The big names in tech are in an artificial intelligence arms race, one that could see the availability and affordability of AI and machine learning technologies rapidly increase for both developers and the general public.
The latest evidence of this shift in focus is the March 29 announcement of the departure of Windows head Terry Myerson after 21 years with the company, as Microsoft looks toward integrating its Microsoft AI and Windows OS components.
Earlier in March, the company announced that its next Windows 10 update will include a new Microsoft AI platform called Windows ML.
The organizational shift came just one day after Microsoft hosted an AI summit in Bengaluru, India, where the company announced it had partnered with 650 Indian vendors to deploy its Microsoft AI technologies there.
Microsoft AI certainly isn't unique. During the past few years, Amazon, Google and Microsoft have been juicing up their cloud services--AWS, Google Cloud and Azure, respectively--with features that use AI, including face recognition and language translation. They’ve also developed cloud-available AI applications--like Google’s Tensorflow and Microsoft’s Cognitive Toolkit--for developers while releasing public products--such as Amazon’s Echo and Google’s Home smart speakers--that rely on AI-dependent functions like voice recognition.
Whether it’s in how we use virtual assistants like Siri and Alexa, or tagging photos with Facebook’s facial recognition technology, AI is increasingly a part of daily life, said Sujai Hajela, CEO and co-founder of Mist, a company that provides an AI-focused WLAN.
Now the big players are ramping up their AI interests considerably, as public and business interest grows and the tools of the technology become increasingly accessible. Indeed, by 2020 AI is predicted to be one of the top five investment priorities for about a third of CIOs, according to a report from Gartner. The same report predicts that AI technologies will be in nearly all new software by then, which is a clear indication of the priority AI will continue to hold for the major tech players.
“Technology companies are following the money--IDC estimated that the 2017 spend on AI would be approximately $12.5 billion,” said Steve Perkins, U.S. and global managing director of Grant Thornton’s technology industry practice.
Currently, IT is the business function that uses AI most, Mist's Hajela pointed out.

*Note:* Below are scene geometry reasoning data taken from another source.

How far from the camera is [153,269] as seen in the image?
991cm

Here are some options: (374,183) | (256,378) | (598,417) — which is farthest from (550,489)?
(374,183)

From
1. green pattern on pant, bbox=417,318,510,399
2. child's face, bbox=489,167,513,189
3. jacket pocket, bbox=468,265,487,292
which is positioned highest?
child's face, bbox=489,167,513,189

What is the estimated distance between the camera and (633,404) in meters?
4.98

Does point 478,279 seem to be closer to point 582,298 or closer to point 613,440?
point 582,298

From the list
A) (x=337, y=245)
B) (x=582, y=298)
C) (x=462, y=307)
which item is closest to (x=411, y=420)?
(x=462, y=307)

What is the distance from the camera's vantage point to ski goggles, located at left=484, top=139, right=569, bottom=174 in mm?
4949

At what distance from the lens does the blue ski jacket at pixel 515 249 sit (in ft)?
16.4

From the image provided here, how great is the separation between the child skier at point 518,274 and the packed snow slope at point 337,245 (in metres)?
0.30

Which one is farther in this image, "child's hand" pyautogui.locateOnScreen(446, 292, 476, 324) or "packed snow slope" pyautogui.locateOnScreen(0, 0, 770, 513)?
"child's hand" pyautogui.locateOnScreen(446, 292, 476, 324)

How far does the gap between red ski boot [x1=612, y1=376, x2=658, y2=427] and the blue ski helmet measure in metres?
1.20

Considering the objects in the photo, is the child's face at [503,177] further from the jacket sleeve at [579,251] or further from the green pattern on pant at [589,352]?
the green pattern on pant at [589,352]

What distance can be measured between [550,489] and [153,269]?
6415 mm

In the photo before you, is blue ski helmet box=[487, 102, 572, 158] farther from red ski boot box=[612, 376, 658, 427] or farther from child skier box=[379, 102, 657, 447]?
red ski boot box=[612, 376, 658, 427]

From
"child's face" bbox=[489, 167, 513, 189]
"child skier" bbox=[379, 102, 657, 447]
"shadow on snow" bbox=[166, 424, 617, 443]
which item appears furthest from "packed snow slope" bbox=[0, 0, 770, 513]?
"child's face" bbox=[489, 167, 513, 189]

Nearly half of the IT organizations at large companies incorporate AI into their processes, according to a report from Tata Consultancy Services.

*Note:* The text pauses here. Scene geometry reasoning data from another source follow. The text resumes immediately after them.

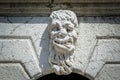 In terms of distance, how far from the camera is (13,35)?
11.3 ft

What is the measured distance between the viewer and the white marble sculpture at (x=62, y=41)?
322 cm

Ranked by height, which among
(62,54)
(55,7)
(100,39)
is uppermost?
(55,7)

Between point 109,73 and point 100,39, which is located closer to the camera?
point 109,73

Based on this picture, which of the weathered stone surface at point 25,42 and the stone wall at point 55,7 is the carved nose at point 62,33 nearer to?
the weathered stone surface at point 25,42

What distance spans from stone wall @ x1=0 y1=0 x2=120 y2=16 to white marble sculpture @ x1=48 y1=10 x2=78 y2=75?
0.58 feet

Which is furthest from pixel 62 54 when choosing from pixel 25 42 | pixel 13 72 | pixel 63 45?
pixel 13 72

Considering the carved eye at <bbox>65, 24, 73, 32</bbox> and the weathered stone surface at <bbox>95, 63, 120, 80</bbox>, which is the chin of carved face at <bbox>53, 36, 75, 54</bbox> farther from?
the weathered stone surface at <bbox>95, 63, 120, 80</bbox>

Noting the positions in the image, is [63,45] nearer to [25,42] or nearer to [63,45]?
[63,45]

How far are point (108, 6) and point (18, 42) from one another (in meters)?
1.12

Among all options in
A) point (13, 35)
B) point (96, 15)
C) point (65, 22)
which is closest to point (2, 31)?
point (13, 35)

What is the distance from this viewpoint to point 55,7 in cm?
351

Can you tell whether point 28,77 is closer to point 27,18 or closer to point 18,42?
point 18,42

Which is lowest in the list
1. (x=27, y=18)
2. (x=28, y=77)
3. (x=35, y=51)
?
(x=28, y=77)

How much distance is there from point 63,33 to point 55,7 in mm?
446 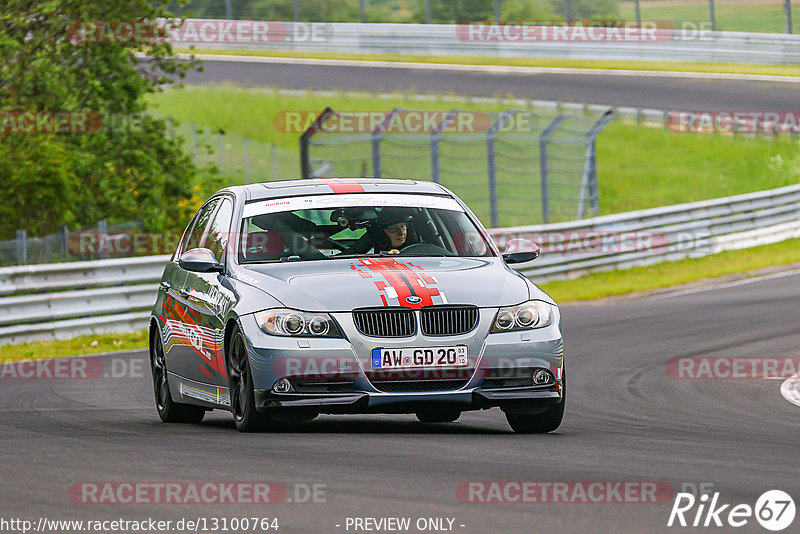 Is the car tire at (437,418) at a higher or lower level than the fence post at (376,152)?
higher

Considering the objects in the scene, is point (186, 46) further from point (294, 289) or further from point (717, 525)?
point (717, 525)

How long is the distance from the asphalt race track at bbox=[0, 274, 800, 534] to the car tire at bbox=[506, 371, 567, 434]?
142 mm

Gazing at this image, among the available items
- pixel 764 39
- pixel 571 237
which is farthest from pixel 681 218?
pixel 764 39

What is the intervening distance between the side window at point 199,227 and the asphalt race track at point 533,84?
2829 centimetres

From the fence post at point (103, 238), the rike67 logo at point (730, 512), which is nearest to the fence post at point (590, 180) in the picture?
the fence post at point (103, 238)

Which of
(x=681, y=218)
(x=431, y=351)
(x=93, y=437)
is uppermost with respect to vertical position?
(x=431, y=351)

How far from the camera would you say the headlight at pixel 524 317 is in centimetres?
848

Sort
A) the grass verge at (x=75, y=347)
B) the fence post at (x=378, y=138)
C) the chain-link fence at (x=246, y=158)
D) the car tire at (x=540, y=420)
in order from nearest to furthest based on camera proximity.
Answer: the car tire at (x=540, y=420) → the grass verge at (x=75, y=347) → the fence post at (x=378, y=138) → the chain-link fence at (x=246, y=158)

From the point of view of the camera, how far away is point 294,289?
846cm

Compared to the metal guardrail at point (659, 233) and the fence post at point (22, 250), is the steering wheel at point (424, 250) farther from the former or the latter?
the metal guardrail at point (659, 233)

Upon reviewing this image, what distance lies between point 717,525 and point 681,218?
2109 cm

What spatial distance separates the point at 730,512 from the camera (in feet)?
19.0

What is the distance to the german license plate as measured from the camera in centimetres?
827

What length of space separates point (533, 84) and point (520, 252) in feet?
104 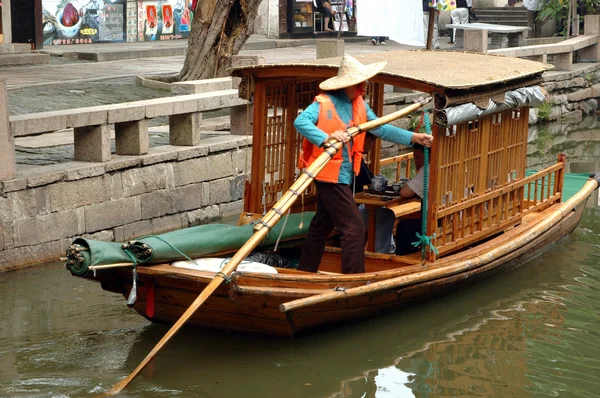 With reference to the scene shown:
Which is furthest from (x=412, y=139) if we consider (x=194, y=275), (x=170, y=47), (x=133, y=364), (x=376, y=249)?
(x=170, y=47)

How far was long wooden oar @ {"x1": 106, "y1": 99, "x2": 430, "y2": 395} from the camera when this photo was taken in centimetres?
585

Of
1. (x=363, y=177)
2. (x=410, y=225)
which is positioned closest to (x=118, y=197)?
(x=363, y=177)

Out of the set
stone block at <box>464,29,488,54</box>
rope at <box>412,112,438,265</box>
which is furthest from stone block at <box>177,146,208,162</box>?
stone block at <box>464,29,488,54</box>

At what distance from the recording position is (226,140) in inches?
423

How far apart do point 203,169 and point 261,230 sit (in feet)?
14.6

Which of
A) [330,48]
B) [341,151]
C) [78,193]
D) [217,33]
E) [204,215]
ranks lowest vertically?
[204,215]

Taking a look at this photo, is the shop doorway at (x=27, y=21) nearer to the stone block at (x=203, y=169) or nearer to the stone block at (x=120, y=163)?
the stone block at (x=203, y=169)

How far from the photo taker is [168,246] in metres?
6.34

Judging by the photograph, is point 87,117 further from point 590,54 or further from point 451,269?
point 590,54

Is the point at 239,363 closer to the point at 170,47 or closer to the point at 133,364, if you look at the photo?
the point at 133,364

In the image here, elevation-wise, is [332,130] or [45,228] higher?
[332,130]

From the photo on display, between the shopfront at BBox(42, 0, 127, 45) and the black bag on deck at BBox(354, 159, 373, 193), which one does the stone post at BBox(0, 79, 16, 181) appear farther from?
the shopfront at BBox(42, 0, 127, 45)

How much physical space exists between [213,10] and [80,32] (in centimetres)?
750

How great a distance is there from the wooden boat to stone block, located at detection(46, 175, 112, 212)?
1.83 metres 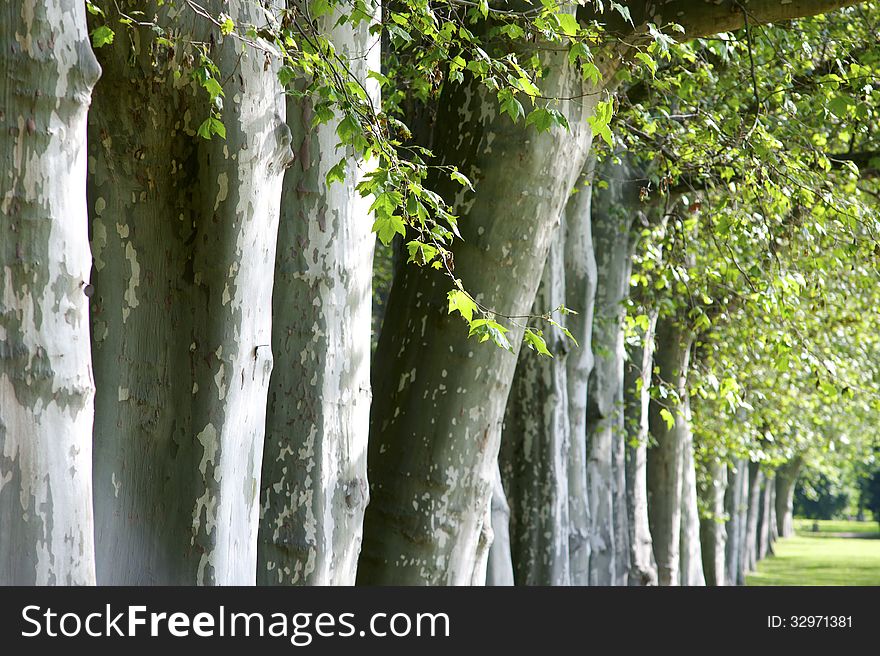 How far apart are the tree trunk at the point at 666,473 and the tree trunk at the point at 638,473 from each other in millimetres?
1892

Issues of scale are also widening the reach of the big tech players in this space. “A year ago, building AI into mobile apps would have been extremely difficult and costly,” said Marco Cirillo, co-founder of the activity recommendation app Kibii. “Today, it’s a lot less expensive, and we can incorporate Microsoft Cognitive Services, Google services or Amazon services that use AI to make a mobile experience more intelligent, anticipate users’ desire and needs, and present information in context that we couldn’t do even a year ago.”
Right now, most AI and ML development takes place in the cloud using large server clusters and tools including Tensorflow (from Google) and Cognitive Toolkit (from Microsoft), pointed out Ram Natarajan, CTO of Altia Systems.
“These tools are available for anybody to use, and since fine tuning AI algorithms is more of an art than a science, this area is open to any company with the right skill set to innovate,” Natarajan said. Companies like Google and Amazon may be ahead in some areas of research--for example, in voice recognition--but many other, smaller companies are using widely available tools to solve specific problems, he said, pointing to his own firm’s work on better speaker-tracking using AI and Netflix’s recent announcement of an optimized compression algorithm.
Startups are making their mark in this space, Hajela said, providing fresh approaches to IT performance and efficiency through AI technologies.
“They are using machine learning, neural networks, and data mining technologies to proactively identify or predict problems, understand the cause and scope of anomalies, and recommend solutions, with the ultimate goal being completely self-healing IT infrastructures,” Hajela said. “Perhaps most significantly, they are doing this at a pace that simply cannot be matched by larger, incumbent IT vendors.”